Section 25Relevant insurance activity: non-real time communications: reinsurance and large risks

(1) The financial promotion restriction does not apply to any non-real time communication which relates to a relevant insurance activity and concerns only—

(a) a contract of reinsurance; or

(b) a contract that covers large risks.

(2) “ Large risks ” means—

(a) risks falling within paragraph 4 (railway rolling stock), 5 (aircraft), 6 (ships), 7 (goods in transit), 11 (aircraft liability) or 12 (liability of ships) of Schedule 1 to the Regulated Activities Order;

(b) risks falling within paragraph 14 (credit) or 15 (suretyship) of that Schedule provided that the risks relate to a business carried on by the recipient;

(c) risks falling within paragraph 3 (land vehicles), 8 (fire and natural forces), 9 (damage to property), 10 (motor vehicle liability), 13 (general liability) or 16 (miscellaneous financial loss) of that Schedule provided that the risks relate to a business carried on by the recipient and that the condition specified in paragraph (3) is met in relation to that business.

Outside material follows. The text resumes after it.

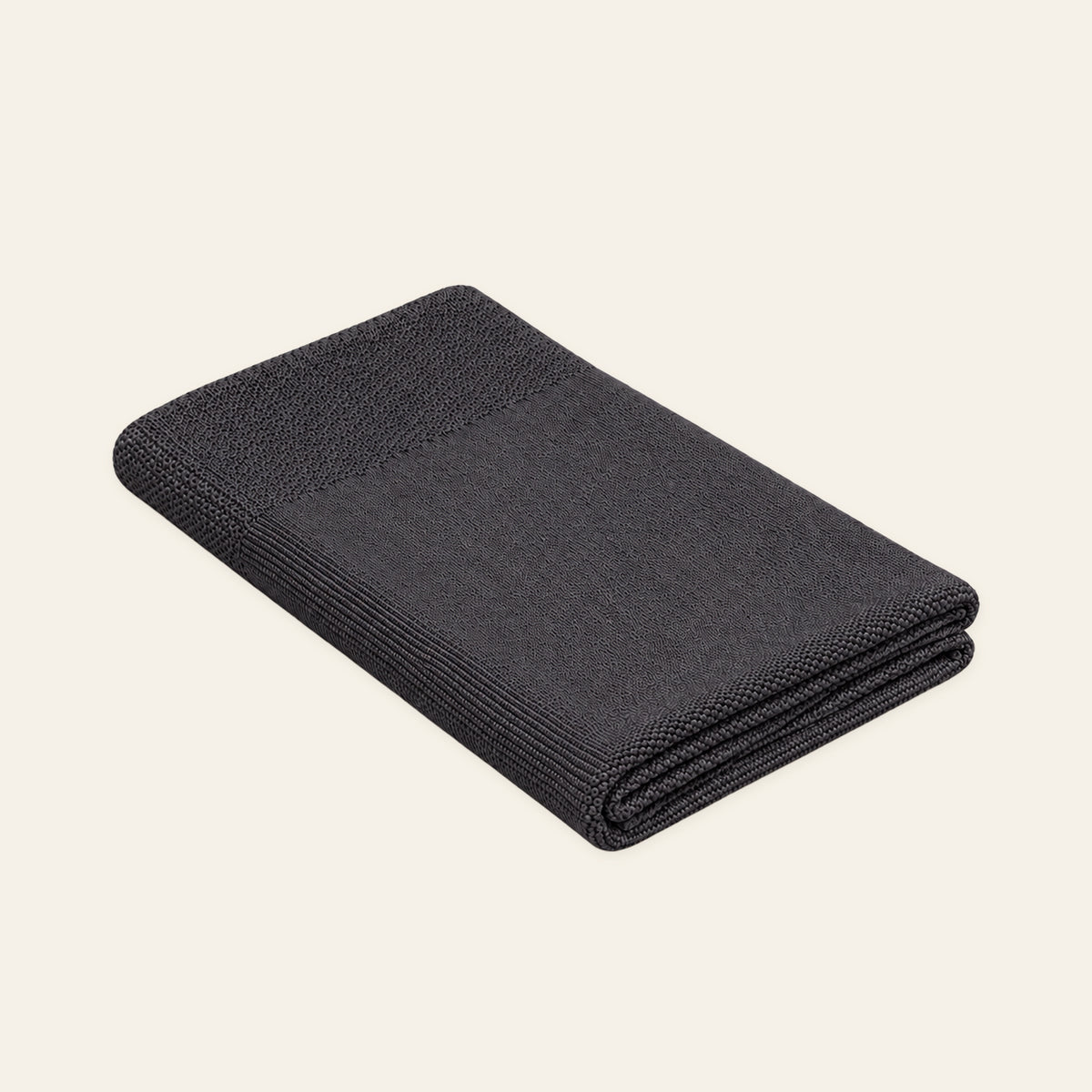 Tinka knitted blanket in Anthracite, studio view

(3) The condition specified in this paragraph is that at least two of the three following criteria were exceeded in the most recent financial year for which information is available prior to the making of the communication—

(a) the aggregate of the amounts shown as assets in the balance sheet of the business was 6.2 million euros;

(b) the net turnover (within the meaning given to “ turnover ” by section 474(1) of the 2006 Act was 12.8 million euros;

(c) the number of employees (within the meaning given by section 465(6) of the 2006 Act was 250;

and for a financial year which is a company's financial year but not in fact a year, the net turnover of the recipient shall be proportionately adjusted.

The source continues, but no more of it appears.